Your objective: The complete listing goes into the output exactly, without its pictures.

*** Source material

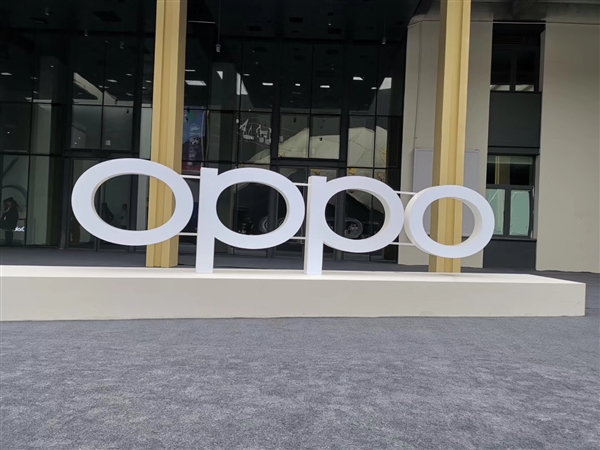 OPPO K11系列证件照公布：经典圆环三摄+直角立边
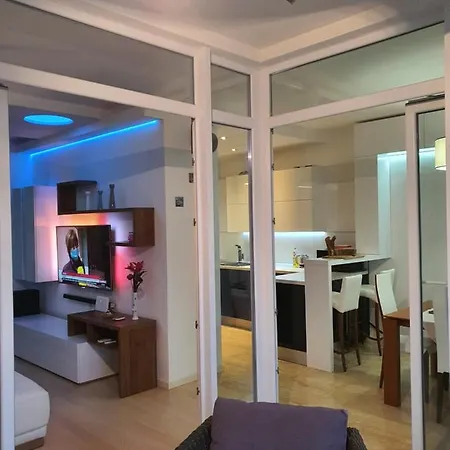 아파트 Adela 3 Morska Vila *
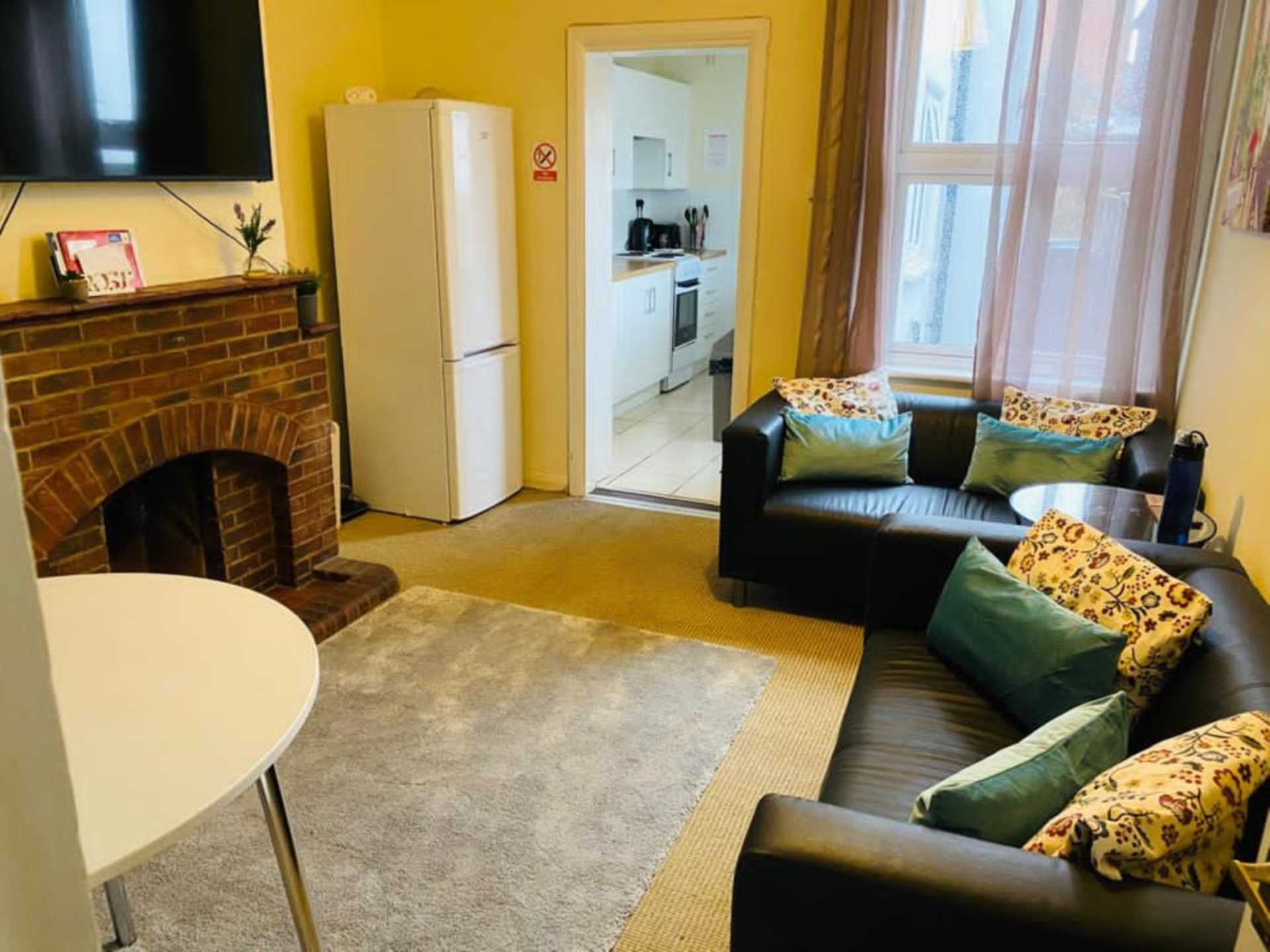 Room 3: 46 George Road, Guildford, GU1 4NR- NO ADMIN FEES!, Image 5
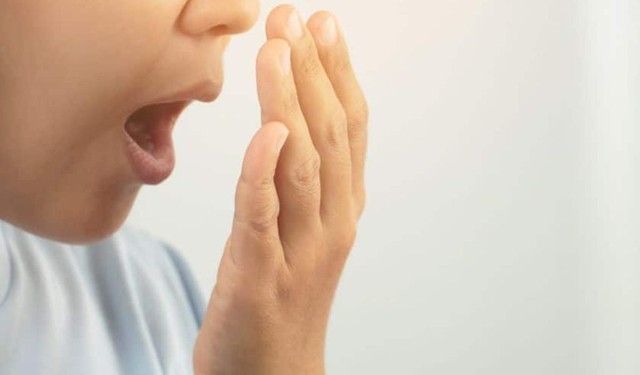 Trẻ bị hôi miệng chảy máu chân răng và cách phòng ngừa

******

Answer area:
 OPPO K11系列证件照公布：经典圆环三摄+直角立边
 아파트 Adela 3 Morska Vila *
 Room 3: 46 George Road, Guildford, GU1 4NR- NO ADMIN FEES!, Image 5
 Trẻ bị hôi miệng chảy máu chân răng và cách phòng ngừa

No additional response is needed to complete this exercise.